Duke is 25-2 and headed to No. 1 in the AP Poll after beating their third No. 1 ranked opponent this season. The NBA ceiling debate with Boozer is real and worth having. But right now, in late February, Boozer is playing like the best player in college basketball, doing it under the brightest lights, and quietly sniping around 40% from long range on respectable volume.

Rick Pitino Has St. John's Playing Out Of Their Minds and Too Many Are Still Sleeping on Them

Thirteen straight wins. Longest streak for the Red Storm in 41 years, dating back to the 1984-85 Final Four run.
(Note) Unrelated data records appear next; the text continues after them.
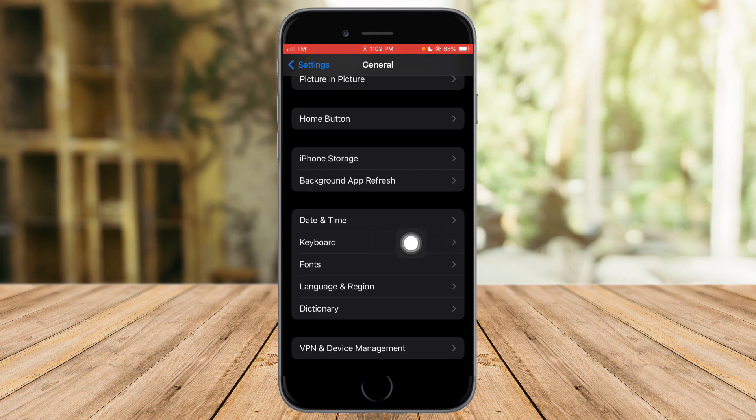And from in there, just scroll down again until you see the Keyboard option. It's just under the Date and Time and just above the Fonts. So click on the Keyboard right there.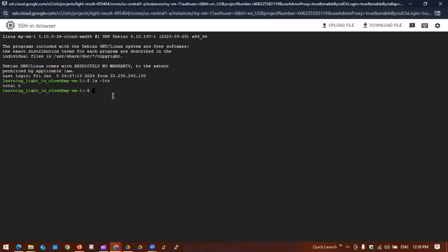We can easily create one file by specifying echo hello world and then redirect it to a file called hello.txt.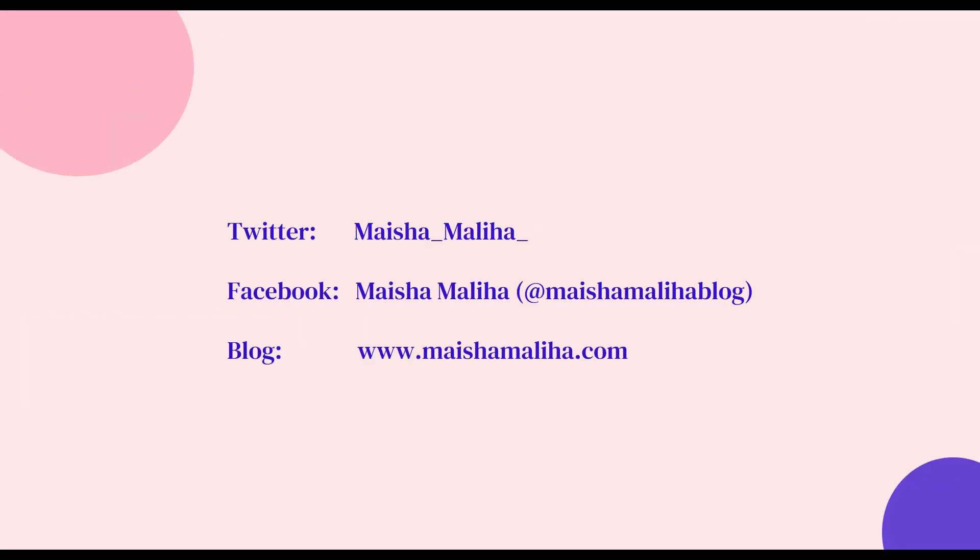If you don't understand anything, let me know in the comment section. Also subscribe to my channel and like this video. Don't forget to follow me on social medias. I've linked them down below also in the screen. Thank you.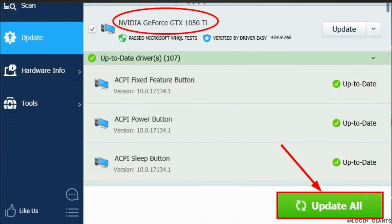Driver Easy will then scan your computer and detect the problems. Click on Update All to download or install the correct version of all the drivers that are missing. Once you click on Update All, make sure to restart your device.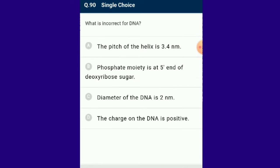Question number 90: This is the last question — which is incorrect for DNA? The charge of DNA is negative. In option D, it is given that the charge of DNA is positive — that is an incorrect statement about DNA. So the answer is option D.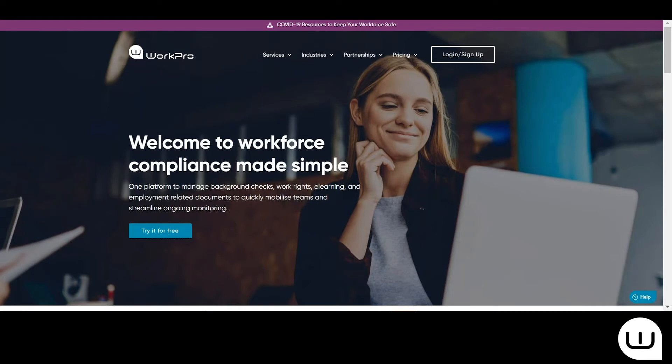Hi there, my name is Tanya Evans and today I'm going to take you on a tour of WorkPro's reference checking service.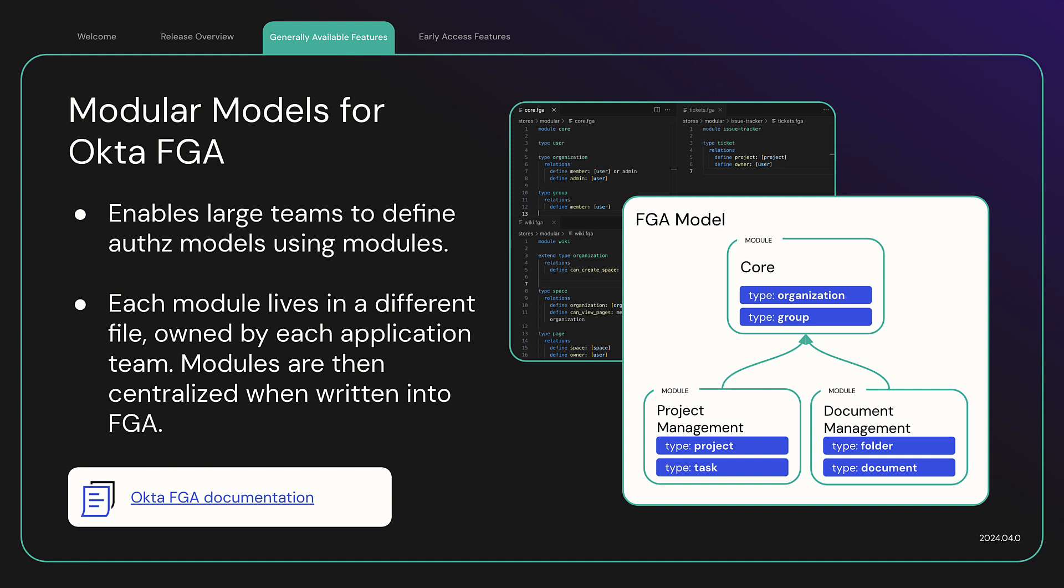For example, if a company has three teams that own different components: the core authorization entities that are shared across the organization, a wiki component, and an issue tracking component. Each team will be able to manage their own module in independent files whose ownership can be defined in your source control system.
And they just dismantled a Creighton team that had beaten UConn on the road — 81-52 — holding them to 32.1% shooting with 20 assists on 29 made field goals. Not a single Bluejay scored in double figures.

At 22-5 overall and 15-1 in Big East play, St. John's sits a half-game ahead of UConn with a road game in Storrs on Wednesday that could deliver them a program-record 14-game conference winning streak. Zuby Ejiofor — preseason Big East Player of the Year and Naismith Trophy watch list — is the engine, averaging 16.2 points, 7.4 rebounds, and 3.5 assists. But Pitino has built real depth around him. Bryce Hopkins is producing double-doubles. Dillon Mitchell flirted with a triple-double Saturday with zero field goal attempts. That's a real thing that happened.

One fan on X said it plainly after Saturday: "St. John's might be the most underrated 1 seed candidate in the country right now."